El técnico de los universitarios aseguró que no quiere dejar al grupo a la deriva en el mal momento que atraviesan en el Apertura 2022
Andrés Lillini, director técnico de Pumas, aseguró que no piensa en renunciar, pues no es “mercenario” y no quiere dejar al equipo varado a medio torneo y con una crisis en el equipo, mismo que no encuentra respuestas a la mala racha.
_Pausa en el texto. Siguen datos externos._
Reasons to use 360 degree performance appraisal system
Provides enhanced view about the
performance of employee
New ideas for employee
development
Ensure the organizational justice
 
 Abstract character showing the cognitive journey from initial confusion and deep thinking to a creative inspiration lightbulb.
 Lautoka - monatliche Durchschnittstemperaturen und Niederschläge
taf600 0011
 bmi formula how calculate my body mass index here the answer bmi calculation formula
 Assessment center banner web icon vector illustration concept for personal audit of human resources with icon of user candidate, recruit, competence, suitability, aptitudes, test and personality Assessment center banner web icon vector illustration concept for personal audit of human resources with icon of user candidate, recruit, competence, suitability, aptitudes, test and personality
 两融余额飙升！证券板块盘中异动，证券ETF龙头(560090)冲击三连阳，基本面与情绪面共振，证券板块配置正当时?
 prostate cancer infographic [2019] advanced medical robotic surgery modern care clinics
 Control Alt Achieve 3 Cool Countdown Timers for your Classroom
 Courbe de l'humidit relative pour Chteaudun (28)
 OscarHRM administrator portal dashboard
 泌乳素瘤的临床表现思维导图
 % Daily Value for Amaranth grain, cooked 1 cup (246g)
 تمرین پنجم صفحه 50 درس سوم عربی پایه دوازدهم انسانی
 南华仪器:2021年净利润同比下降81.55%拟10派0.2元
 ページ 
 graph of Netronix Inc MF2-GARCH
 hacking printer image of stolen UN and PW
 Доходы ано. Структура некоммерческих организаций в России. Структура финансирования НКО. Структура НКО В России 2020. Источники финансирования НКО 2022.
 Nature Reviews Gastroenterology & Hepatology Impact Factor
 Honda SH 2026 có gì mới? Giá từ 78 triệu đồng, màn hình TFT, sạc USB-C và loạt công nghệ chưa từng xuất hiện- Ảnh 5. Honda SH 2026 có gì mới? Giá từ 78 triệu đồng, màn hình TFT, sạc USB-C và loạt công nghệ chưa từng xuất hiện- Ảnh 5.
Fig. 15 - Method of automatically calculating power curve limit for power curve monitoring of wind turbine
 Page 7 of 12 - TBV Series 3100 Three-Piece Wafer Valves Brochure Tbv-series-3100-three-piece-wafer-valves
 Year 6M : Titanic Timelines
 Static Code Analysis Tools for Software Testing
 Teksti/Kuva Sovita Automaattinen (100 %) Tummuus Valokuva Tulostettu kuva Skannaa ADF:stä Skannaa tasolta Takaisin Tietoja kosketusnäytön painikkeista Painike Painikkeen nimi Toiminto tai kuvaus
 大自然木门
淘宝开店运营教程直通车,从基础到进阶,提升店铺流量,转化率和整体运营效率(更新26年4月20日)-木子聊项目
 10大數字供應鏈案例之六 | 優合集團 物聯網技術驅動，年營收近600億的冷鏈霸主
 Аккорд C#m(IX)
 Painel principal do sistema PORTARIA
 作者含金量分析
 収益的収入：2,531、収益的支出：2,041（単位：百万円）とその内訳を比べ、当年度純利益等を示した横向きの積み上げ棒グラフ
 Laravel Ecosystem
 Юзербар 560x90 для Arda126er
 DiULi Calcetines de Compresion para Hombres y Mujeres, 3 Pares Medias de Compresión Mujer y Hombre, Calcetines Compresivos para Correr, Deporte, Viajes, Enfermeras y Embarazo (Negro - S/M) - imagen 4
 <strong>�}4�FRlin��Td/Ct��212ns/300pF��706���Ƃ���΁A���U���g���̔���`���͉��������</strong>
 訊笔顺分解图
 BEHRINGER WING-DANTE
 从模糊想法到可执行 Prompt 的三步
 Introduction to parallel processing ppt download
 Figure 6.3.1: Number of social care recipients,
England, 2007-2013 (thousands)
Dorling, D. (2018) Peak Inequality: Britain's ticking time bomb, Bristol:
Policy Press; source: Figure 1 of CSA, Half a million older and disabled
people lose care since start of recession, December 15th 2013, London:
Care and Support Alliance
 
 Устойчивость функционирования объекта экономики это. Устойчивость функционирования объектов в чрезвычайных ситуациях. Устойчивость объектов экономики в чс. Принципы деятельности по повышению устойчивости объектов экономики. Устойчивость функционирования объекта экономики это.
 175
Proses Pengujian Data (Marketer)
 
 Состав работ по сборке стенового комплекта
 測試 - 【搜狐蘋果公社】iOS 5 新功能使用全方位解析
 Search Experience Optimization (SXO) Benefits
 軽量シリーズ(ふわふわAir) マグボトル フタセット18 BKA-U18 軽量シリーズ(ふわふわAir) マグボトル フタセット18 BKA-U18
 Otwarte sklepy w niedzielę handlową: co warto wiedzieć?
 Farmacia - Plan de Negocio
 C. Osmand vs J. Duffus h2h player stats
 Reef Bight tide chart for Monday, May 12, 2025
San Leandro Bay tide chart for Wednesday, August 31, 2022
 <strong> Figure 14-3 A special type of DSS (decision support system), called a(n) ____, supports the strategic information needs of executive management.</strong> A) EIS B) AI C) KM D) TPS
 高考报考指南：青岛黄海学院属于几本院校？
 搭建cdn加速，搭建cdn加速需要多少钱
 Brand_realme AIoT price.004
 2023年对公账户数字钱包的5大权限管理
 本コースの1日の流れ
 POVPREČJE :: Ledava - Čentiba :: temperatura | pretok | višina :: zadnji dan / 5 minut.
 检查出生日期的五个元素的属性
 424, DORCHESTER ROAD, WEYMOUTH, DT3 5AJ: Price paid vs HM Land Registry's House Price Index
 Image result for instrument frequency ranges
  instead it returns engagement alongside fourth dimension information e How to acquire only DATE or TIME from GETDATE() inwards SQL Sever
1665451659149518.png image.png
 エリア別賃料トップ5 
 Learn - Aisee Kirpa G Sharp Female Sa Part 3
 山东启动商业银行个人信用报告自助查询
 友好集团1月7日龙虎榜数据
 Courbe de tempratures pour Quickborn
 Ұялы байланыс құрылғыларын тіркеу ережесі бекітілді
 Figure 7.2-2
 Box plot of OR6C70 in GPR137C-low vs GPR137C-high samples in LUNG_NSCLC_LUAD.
“No, no se me pasó por la cabeza (renunciar). Tampoco soy un ignorante, ni un desalmado o mercenario. No me pasó por la cabeza renunciar porque no quiero dejar al grupo a la deriva y decir chao. Soy bastante duro conmigo mismo y alguien sujeto a algo, en mi caso, no es ni por cobrar un contrato ni nada”, dijo Lillini luego de la derrota ante Santos.
“Hace dos años y medio llegué a ayudar y las cosas salieron medianamente bien. Le agradezco a Miguel Mejía Barón y al presidente por respaldarme en el proyecto. No voy a renunciar. Recién hablamos para que quede claro y esperamos darle vuelta a esto y vamos paso a paso. Nos sostienen y nos condenan los resultados”, agregó el timonel.
De igual forma, aclaró que no comparte los abucheos a jugadores como Dani Alves y Julio González, quienes fueron los más señalados por la afición felina en la goleada 1-5 que se llevaron de los Guerreros.
“Los abucheos no me parecen normales ni propios, sabemos de dónde vienen. Los jugadores son íntegros y dejan todo. No comparto porque en las buenas vienen y los abrazan. A la afición les pido paciencia y tranquilidad y pido no se enganchen con la violencia. Es un deporte y juego, acá ponemos la cara, la afición paga un boleto y se va mal, pero todo tiene un límite y son personas normales como todos que hacemos un trabajo”, manifestó.
En tanto, Andrés Lillini manifestó que lo peor que enfrenta Pumas son los problemas en la zona defensiva, pues lo que tienen que mejorar de manera inmediata para revertir el paso, sobre todo ahora que juegan ante Tigres a media semana.
“La peor parte de Pumas es el sistema defensivo y si no tenemos el cero, va a ser muy difícil ganar partidos. Es débil el sistema y no nos acomodamos. Jugaremos con Tigres ver si podemos dar pasos sólidos atrás”, sostuvo.
Finalmente, dijo que este no es el peor momento que ha pasado con Pumas, aunque él y todo el equipo siente mucha “vergüenza” por los resultados que han obtenido en estos últimos juegos.
“Las derrotas se sufren mucho y el ánimo está por el piso porque nadie quiere estar en esta situación deportiva de vergüenza y tenemos que mejorar esto. Entiendo que me tiren una botella, pero no comparto, casi me pega en la cabeza, pero no vengo a hacer el mal”.
“Unos por redes quieren incitar a que se la tienen que agarrar ante el entrenador, pero hubo momentos peores donde sí pensé que se acabó el ciclo y luego por la confianza de la directiva lo sacamos adelante. Hoy es difícil, pero debo agradecer a la gente del pebetero que ayuda al equipo”, concluyó Lillini.